Containers Are Just Linux Processes

February 19, 2026

When you run a Docker or Podman container, or whatever runtime you prefer, that's nothing special to the kernel. It's just a normal process like every other process in your computer. So how is this container isolated, and why can't it see any other running processes while imagining itself the "BOSS" with PID 1?

It happens because the task_struct that represents a process has pointers to specific isolation features. It points to new, distinct instances of these features rather than the global ones normal processes share.

In kernel terms, containers are created by manipulating existing Linux features.

1. Namespaces

struct nsproxy *nsproxy

This restricts the view of the process.

There are a bunch of types of namespaces, like PID namespaces, where the first process in that PID namespace sees itself as PID 1, even though it may be PID xxxxx on the host. The kernel returns different PID values depending on which PID namespace is asking.

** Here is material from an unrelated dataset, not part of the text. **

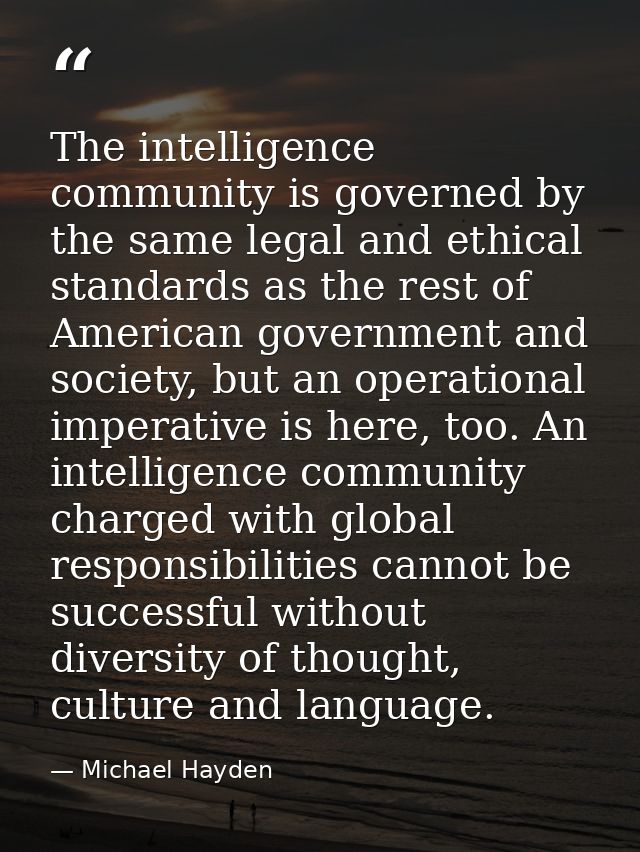 The intelligence community is governed by the same legal and ethical standards as the rest of American government and so — Michael Hayden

There are also network namespaces, where the process gets its own network interfaces and IP address; mount namespaces, where the process sees a completely different root directory than the host; and so on. You'll find these if you are curious in the nsproxy struct in the include/linux/nsproxy.h file.

In practice, a PID namespace plus a /proc mounted inside it is why tools like ps and top only show processes from that namespace.

2. Cgroups

struct css_set *cgroups

This is another Linux feature. While namespaces isolate visibility, cgroups isolate resources like RAM, CPU, and I/O.

For example:

docker run --cpus="1.5" some-container
docker run --memory=512m some-container

3. Capabilities

struct cred *cred

Even if a process is root inside a container, we don't want it to have full power over the kernel.

Linux breaks down root privileges into bitmasks. Specifically, this is typedef struct { u64 val; } kernel_cap_t;, which replaced the old array form u32[2]. These are called capabilities, like CAP_NET_ADMIN, CAP_SYS_BOOT, CAP_SYS_ADMIN, and so on.

Docker drops the dangerous ones by default. So even if someone gains root inside the container, they usually can't load kernel modules or reboot your physical machine.

4. Seccomp and LSMs

Capabilities restrict privileged operations, but a process can still call many syscalls. Seccomp applies a syscall filter, an allowlist or denylist, so the container can't use risky syscalls it doesn't need.

AppArmor and SELinux are LSMs, or Linux Security Modules, that enforce mandatory access control policies such as file access and network rules beyond classic Unix permissions. Docker and Podman commonly run containers under an AppArmor or SELinux profile on hardened systems.

Note: containers are basically Linux because they rely heavily on its features so they can work. Containers running on Windows work because of WSL, the Windows Subsystem for Linux, or sometimes Hyper-V. That includes the Linux kernel needed for them to work.

…